Two days a week, five hours per day, for the last 14 years, Eleanor McCullen has stood on the sidewalk outside a Boston Planned Parenthood facility trying to persuade mothers not to abort their babies. Those who stand alongside Eleanor describe her as having “a real gift,” “a saint,” and “like Mother Teresa.”
Sidewalk counseling wasn’t always a passion for Eleanor. In the summer of 2000, she had her own St. Paul moment when God knocked her off her horse one day at Mass. Up until then, life had seemed rich and full enough, “but I was getting a little restless,” she said. Feeling convicted to do something greater for the Lord, Eleanor asked her priest for a few suggestions. He told her to go down to Planned Parenthood and pray for the women there. Eleanor did just that, and she’s been serving the Lord and the women of Boston ever since.
But, in 2008, the Commonwealth of Massachusetts created a fixed “buffer zone” around abortion centers. Pro-life counselors were required to keep at least 35 feet away from building entrances, exits, and driveways. The new “buffer zone” statute impacted the way sidewalk counselors interacted with mothers and fathers and others entering and exiting the centers. Instead of approaching with kindness and compassion, Eleanor and the other counselors were forced to shout at the women and men to get their attention, giving off the impression they were there to condemn, not help, the women and men and their unborn babies.
Alliance Defending Freedom gave full support to Allied Attorney Michael DePrimo who, along with two other Allied Attorneys, Mark Rienzi and Philip Moran, worked on behalf of Eleanor to challenge the new “buffer zone” statute.
“The U.S. Supreme Court had never approved of any type of a law even remotely similar to the Massachusetts statute,” DePrimo said, “The court has, for many, many years, said that speech on public issues should be uninhibited, robust, and wide open.” Nevertheless, “the courts have been chipping away at the rights of pro-lifers, making it much more difficult for them to express their messages, even on public sidewalks.”

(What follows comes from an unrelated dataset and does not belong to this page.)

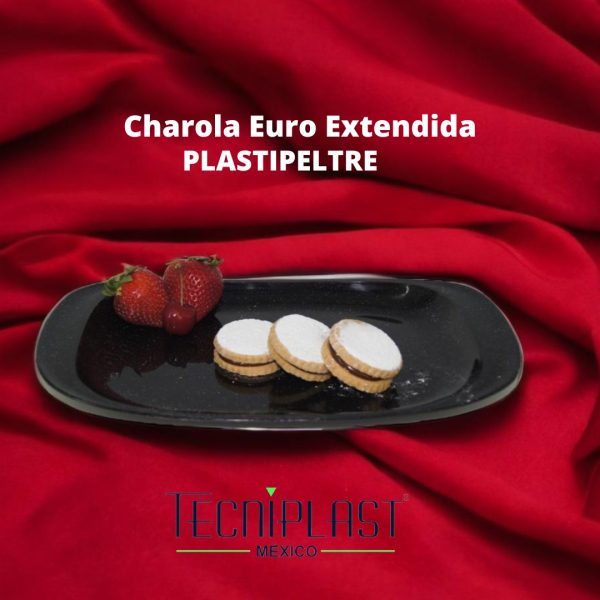 Charola Euro extendida Plastipeltre Polipropileno Plástico PP 1711 foto 3
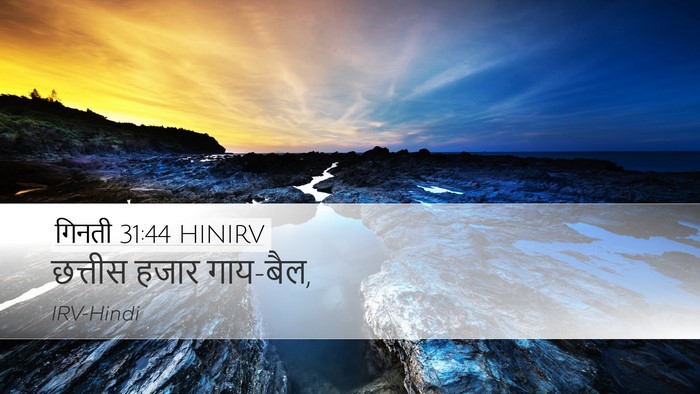 गिनती 31:44 HINIRV Desktop Wallpaper - छत्तीस हजार - Desktop Bible Verse Wallpaper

Litigation against the Massachusetts attorney general went on for eight years, finally reaching the United States Supreme Court in early 2013.
A few months after arguments, nine justices, who rarely agree on anything, ruled unanimously in Eleanor's favor. “Even the most liberal Supreme Court justices ruled that the Massachusetts buffer statute violated the First Amendment,” DePrimo said.
The court’s decision didn’t only impact the abortion center Eleanor faithfully counseled at. Other cities across the country also began repealing similar buffer zone statutes—making it easier for pro-life counselors to do their life-saving work.
“It’s all glory to God,” Eleanor says, “and thank you to our lawyers for persevering.”